Differential requirement for NMDAR activity in SAP97β-mediated regulation of the number and strength of glutamatergic AMPAR-containing synapses

• Published in: Journal of neurophysiology Vol. 111; no. 3; pp. 648 - 658
• Main Authors: Liu, Mingna, Lewis, Laura D, Shi, Rebecca, Brown, Emery N, Xu, Weifeng
• Format: Journal Article
• Language: English
• Published: United States American Physiological Society 01.02.2014
• Subjects: Adaptor Proteins, Signal Transducing - genetics; Adaptor Proteins, Signal Transducing - metabolism; Animals; Disks Large Homolog 4 Protein; Intracellular Signaling Peptides and Proteins - genetics; Intracellular Signaling Peptides and Proteins - metabolism; Membrane Potentials; Membrane Proteins - genetics; Membrane Proteins - metabolism; Neurons - metabolism; Neurons - physiology; Protein Transport; Rats; Rats, Sprague-Dawley; Receptors, AMPA - genetics; Receptors, AMPA - metabolism; Receptors, N-Methyl-D-Aspartate - genetics; Receptors, N-Methyl-D-Aspartate - metabolism; Synapses - metabolism; Synapses - physiology; Synaptic Membranes - metabolism; mEPSC; excitatory synapse; hippocampus; DLG-MAGUK; PSD-MAGUK
• ISSN: 0022-3077; 1522-1598
• DOI: 10.1152/jn.00262.2013

PSD-95-like, disc-large (DLG) family membrane-associated guanylate kinase proteins (PSD/DLG-MAGUKs) are essential for regulating synaptic AMPA receptor (AMPAR) function and activity-dependent trafficking of AMPARs.

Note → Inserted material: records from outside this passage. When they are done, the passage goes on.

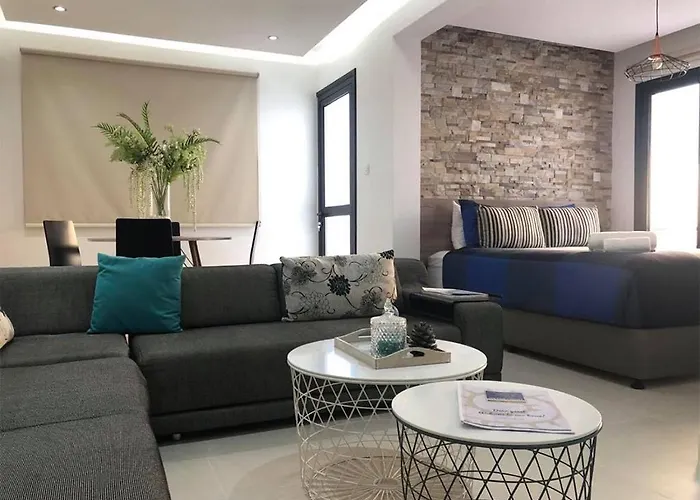 Metro Court Лимасол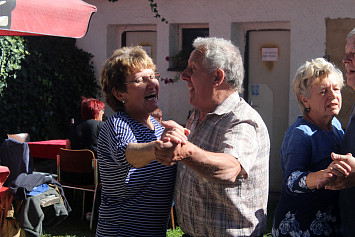 Posezení s písničkou a Zahrádkářská výstava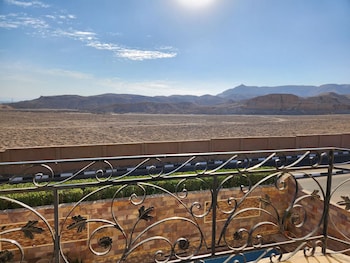 royal mountain hotel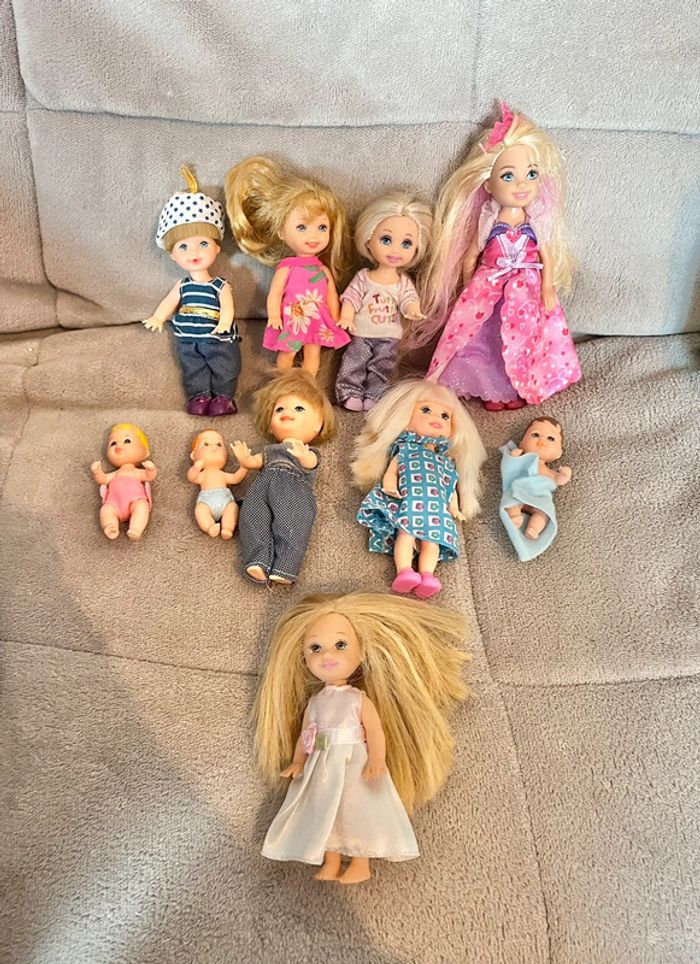 Ensemble poupée barbie bébé et enfant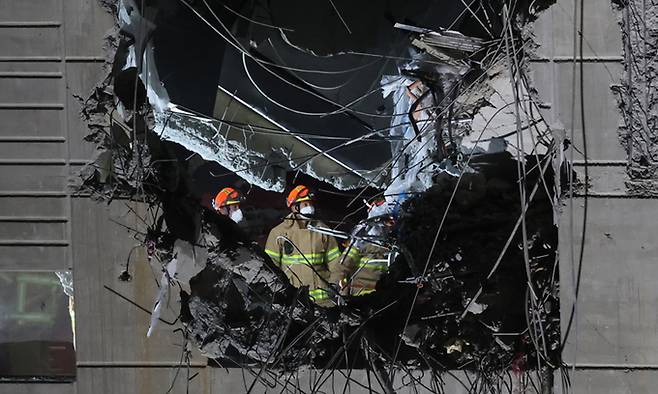 23일 광주 서구 화정아이파크 붕괴사고 현장에서 119 구조대원들이 잔해제거 및 수색작업을 하고 있다. 사고 발생 2주째를 맞는 24일부터는 남은 실종자를 찾는 수색·구조작업이 24시간 지속 체계로 전환된다. 연합뉴스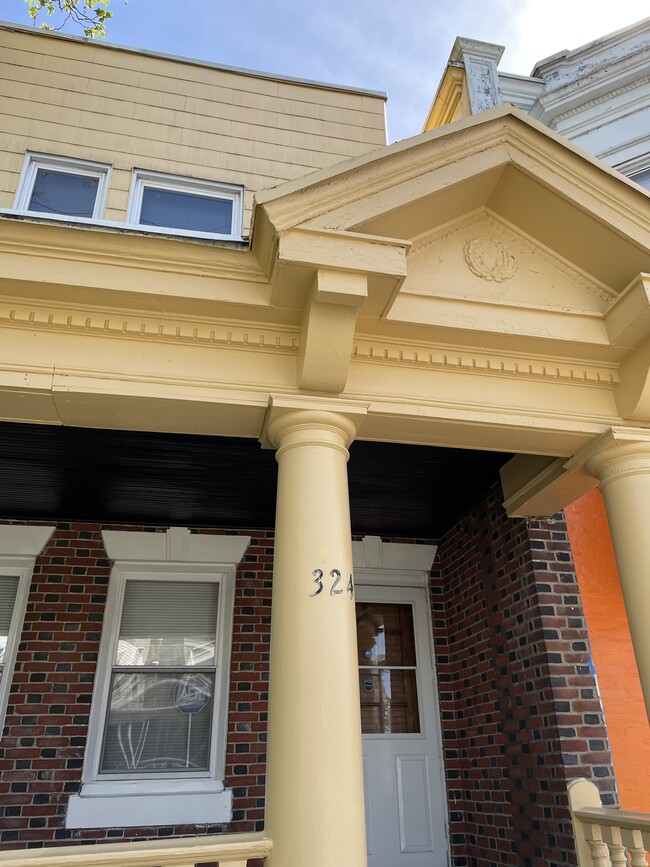 Building Photo - 324 W Ashdale St
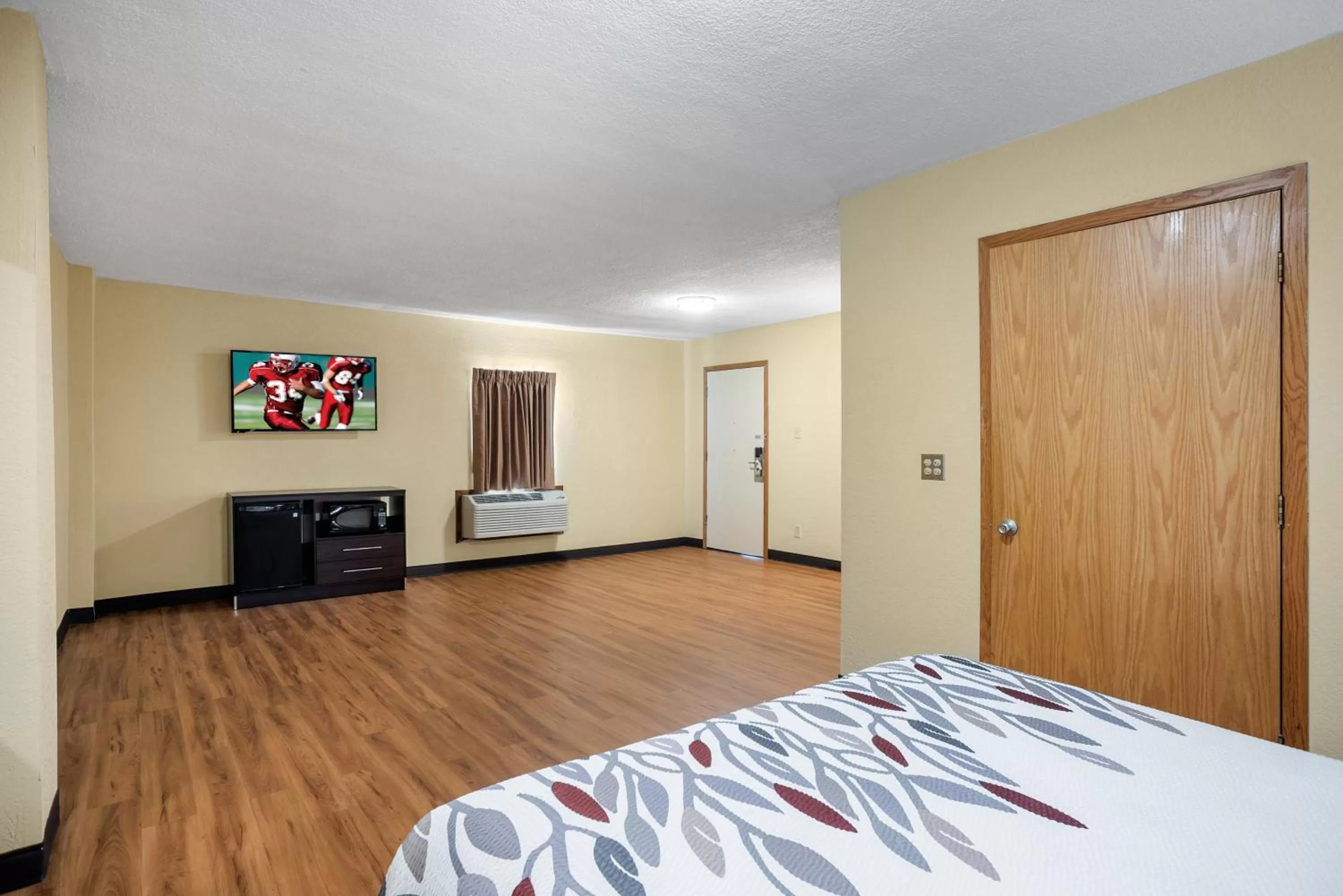 Deluxe Room with One Queen Bed Second Floor Non-Smoking in Red Roof Inn Des Moines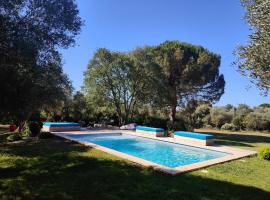 La Maison l'Oliveraie, hotel en Lunel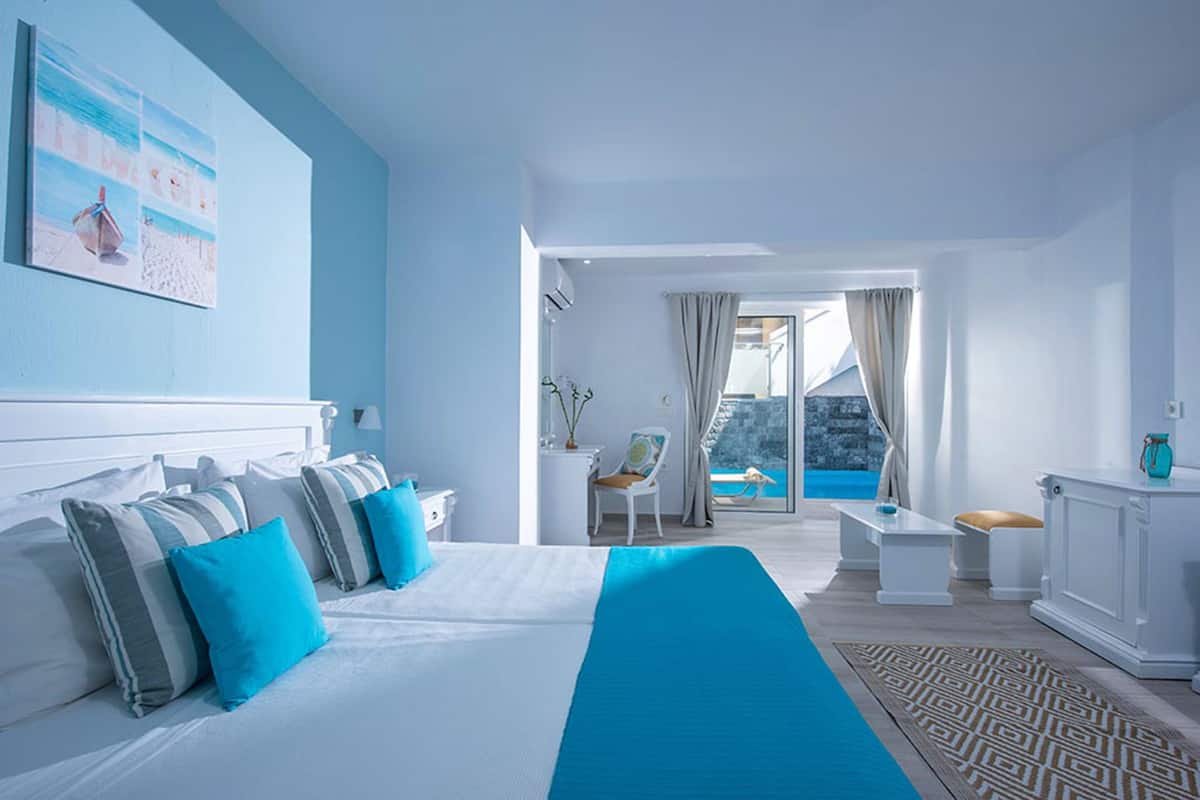 Doppelzimmer, Poolzugang, Erdgeschoss | 2 Schlafzimmer, laptopgeeigneter Arbeitsplatz, schallisolierte Zimmer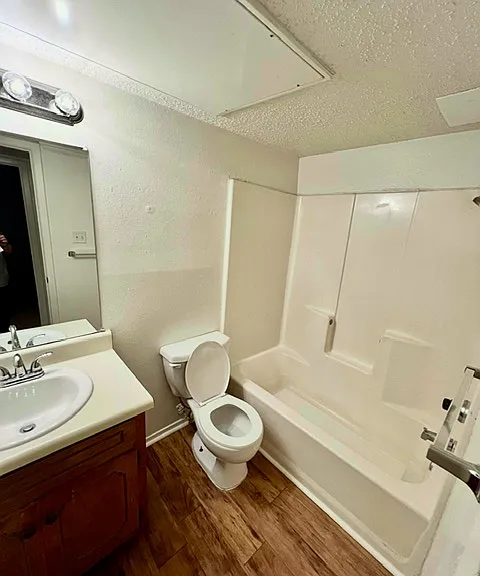 201 W Spence St #7B — Photo 6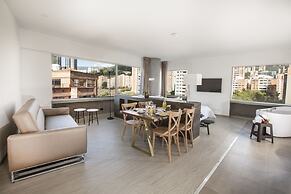 V Grand Hotel, a member of Radisson Individuals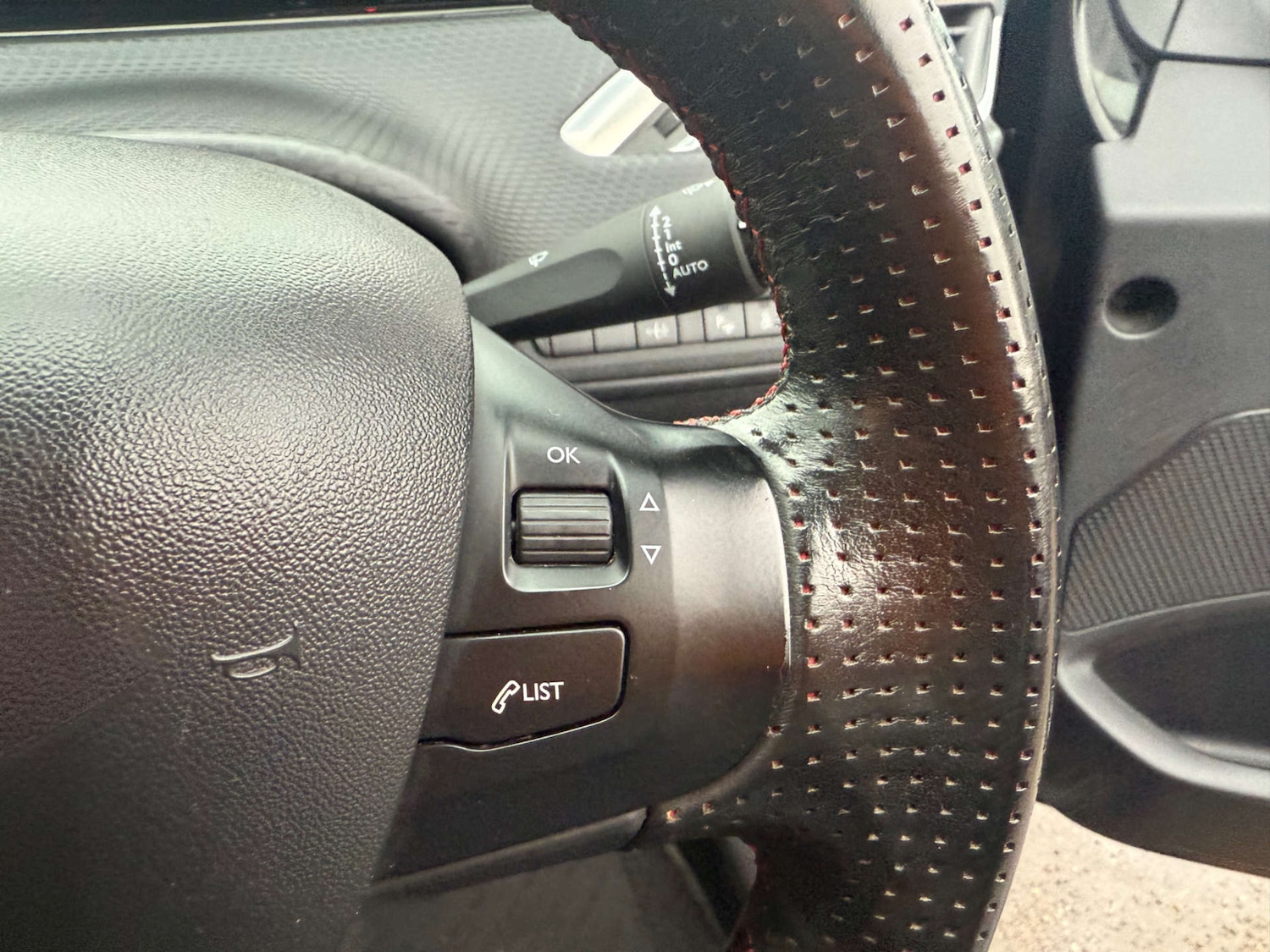 Used Peugeot 208 2017 for sale - 76854624: Photo 30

Using a molecular replacement strategy to replace endogenous PSD-95 with SAP97β, we show that the prototypic β-isoform of the PSD-MAGUKs, SAP97β, has distinct NMDA receptor (NMDAR)-dependent roles in regulating basic properties of AMPAR-containing synapses. SAP97β enhances the number of AMPAR-containing synapses in an NMDAR-dependent manner, whereas its effect on the size of unitary synaptic response is not fully dependent on NMDAR activity. These effects contrast with those of PSD-95α, which increases both the number of AMPAR-containing synapses and the size of unitary synaptic responses, with or without NMDAR activity. Our results suggest that SAP97β regulates synaptic AMPAR content by increasing surface expression of GluA1-containing AMPARs, whereas PSD-95α enhances synaptic AMPAR content presumably by increasing the synaptic scaffold capacity for synaptic AMPARs. Our approach delineates discrete effects of different PSD-MAGUKs on principal properties of glutamatergic synaptic transmission. Our results suggest that the molecular diversity of PSD-MAGUKs can provide rich molecular substrates for differential regulation of glutamatergic synapses in the brain.